#### PySpark transformation

This notebook serves as an example collection of common PySpark functions/utilities for transformation. All basic functions will be shown with instructions, together with examples.

We first import `SparkContext`. It is the main entry point for spark functionality. <br>
`SparkContext` represents the connection to a Spark cluster, and can be used to create RDDs. <br>
Note: Only one `SparkContext` can be activated per JVM.

In [1]:
import pyspark
from pyspark import SparkConf
from pyspark import SparkContext

In [2]:
# define configuration
conf = SparkConf().setAppName("Spark_Demo").setMaster("local")
# and use the predefined configuration to start a Spark session
sc = SparkContext(conf=conf)

Setting default log level to "WARN".
To adjust logging level use sc.setLogLevel(newLevel).
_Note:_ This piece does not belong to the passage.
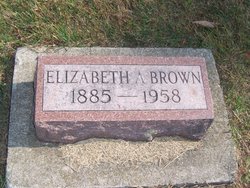 Elizabeth A Brown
For SparkR, use setLogLevel(newLevel).
23/05/29 22:27:00 WARN NativeCodeLoader: Unable to load native-hadoop library for your platform... using builtin-java classes where applicable


In [3]:
sc.getConf().getAll()

[('spark.master', 'local'),
 ('spark.driver.port', '62728'),
 ('spark.driver.host', 'yangs-mac-mini.home'),
 ('spark.executor.id', 'driver'),
 ('spark.app.name', 'Spark_Demo'),
 ('spark.app.startTime', '1684687150600'),
 ('spark.app.submitTime', '1684687150416'),
 ('spark.driver.extraJavaOptions',
  '-Djava.net.preferIPv6Addresses=false -XX:+IgnoreUnrecognizedVMOptions --add-opens=java.base/java.lang=ALL-UNNAMED --add-opens=java.base/java.lang.invoke=ALL-UNNAMED --add-opens=java.base/java.lang.reflect=ALL-UNNAMED --add-opens=java.base/java.io=ALL-UNNAMED --add-opens=java.base/java.net=ALL-UNNAMED --add-opens=java.base/java.nio=ALL-UNNAMED --add-opens=java.base/java.util=ALL-UNNAMED --add-opens=java.base/java.util.concurrent=ALL-UNNAMED --add-opens=java.base/java.util.concurrent.atomic=ALL-UNNAMED --add-opens=java.base/sun.nio.ch=ALL-UNNAMED --add-opens=java.base/sun.nio.cs=ALL-UNNAMED --add-opens=java.base/sun.security.action=ALL-UNNAMED --add-opens=java.base/sun.util.calendar=ALL-UNNA

In [None]:
sc.stop()

We can also start a Spark session without specifying configuration.

In [2]:
sc = SparkContext()
sc.setLogLevel("Error")

Setting default log level to "WARN".
To adjust logging level use sc.setLogLevel(newLevel). For SparkR, use setLogLevel(newLevel).
23/08/02 22:05:59 WARN NativeCodeLoader: Unable to load native-hadoop library for your platform... using builtin-java classes where applicable


In [3]:
sc.getConf().getAll()

[('spark.driver.host', 'yangs-mac-mini.home'),
 ('spark.executor.id', 'driver'),
 ('spark.app.id', 'local-1691006759971'),
 ('spark.app.name', 'pyspark-shell'),
 ('spark.app.submitTime', '1691006759374'),
 ('spark.app.startTime', '1691006759471'),
 ('spark.driver.extraJavaOptions',
  '-Djava.net.preferIPv6Addresses=false -XX:+IgnoreUnrecognizedVMOptions --add-opens=java.base/java.lang=ALL-UNNAMED --add-opens=java.base/java.lang.invoke=ALL-UNNAMED --add-opens=java.base/java.lang.reflect=ALL-UNNAMED --add-opens=java.base/java.io=ALL-UNNAMED --add-opens=java.base/java.net=ALL-UNNAMED --add-opens=java.base/java.nio=ALL-UNNAMED --add-opens=java.base/java.util=ALL-UNNAMED --add-opens=java.base/java.util.concurrent=ALL-UNNAMED --add-opens=java.base/java.util.concurrent.atomic=ALL-UNNAMED --add-opens=java.base/sun.nio.ch=ALL-UNNAMED --add-opens=java.base/sun.nio.cs=ALL-UNNAMED --add-opens=java.base/sun.security.action=ALL-UNNAMED --add-opens=java.base/sun.util.calendar=ALL-UNNAMED --add-opens=

To monitor the process of spark, check localhost:4040

In [4]:
spark = pyspark.sql.SparkSession.builder.getOrCreate()

#### Create RDD
Resilient Distributed Dataset is simply an immutable distributed collections of objects. <br>
Each RDD is split into multiple partitions, which can be computed on different nodes of cluster.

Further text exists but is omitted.